Andrew Rickard at Graveyard Masonry has again introduced me to a previously unknown writer, A. Edward Newton (1864-1940), an American book collector who was also a reader. Andrew quotes a passage from Newton’s The Amenities of Book Collecting and Kindred Affections. My university library has a first edition from 1918, non-circulating and kept in the rare books collection, so I’ve borrowed a 1969 reprint. The bookplate says the volume was donated to the Fondren Library by Mr. and Mrs. Milton K. Eckert in memory of Lt. Marion L. Kempner. A brief internet search reveals that Lt. Kempner was a U.S. Marine killed in Vietnam, age twenty-four, on Armistice Day 1966. Go here to read some of the letters he wrote home. An editor tells us Kempner attended law school and wanted to be a writer.
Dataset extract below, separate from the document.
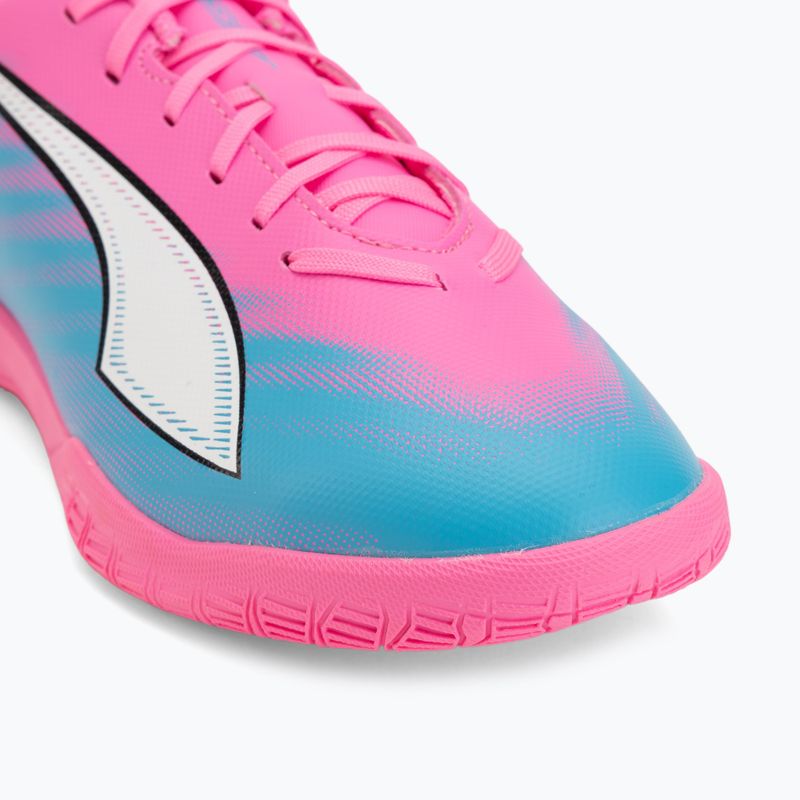 Children's football boots PUMA Ultra 6 Play It Jr poison pink/puma wht/sun stream/bright aqua/puma blk 7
In an Oct. 20 letter to his Aunt Fannie, Kempner describes a three-day patrol his platoon has just completed. One of his men notices a red flower and describes it as “the first plant I have seen today which didn’t have thorns on it.” Kempner writes to his aunt:
“The plant and the hill upon which it grew, was also representative of Viet Nam. It is a country of thorns and cuts, of guns and marauding, of little hope and of great failure, yet in the midst of it all, a beautiful thought, gesture, and even person can arise among it waving bravely at the death that pours down upon it. Some day this hill will be burned by napalm, and the red flower will crackle up and die among the thorns. So what was the use of it living and being a beauty among the beasts, if it must, in the end, die because of them, and with them?”
Three weeks before he steps on a land mine near Tien Phu, Kempner writes: “The flower will always live in the memory of a tired, wet Marine, and has thus achieved a sort of immortality; but even if we had never gone on that hill, it would still be a distinguished, soft, red, thornless flower growing among the cutting, scratching plants, and that in itself is its own reward.”
In the first sentence of his “Essay Introductory,” Newton writes: “A man (or a woman) is the most interesting thing in the world; and next is a book, which enables one to get at the heart of the mystery.”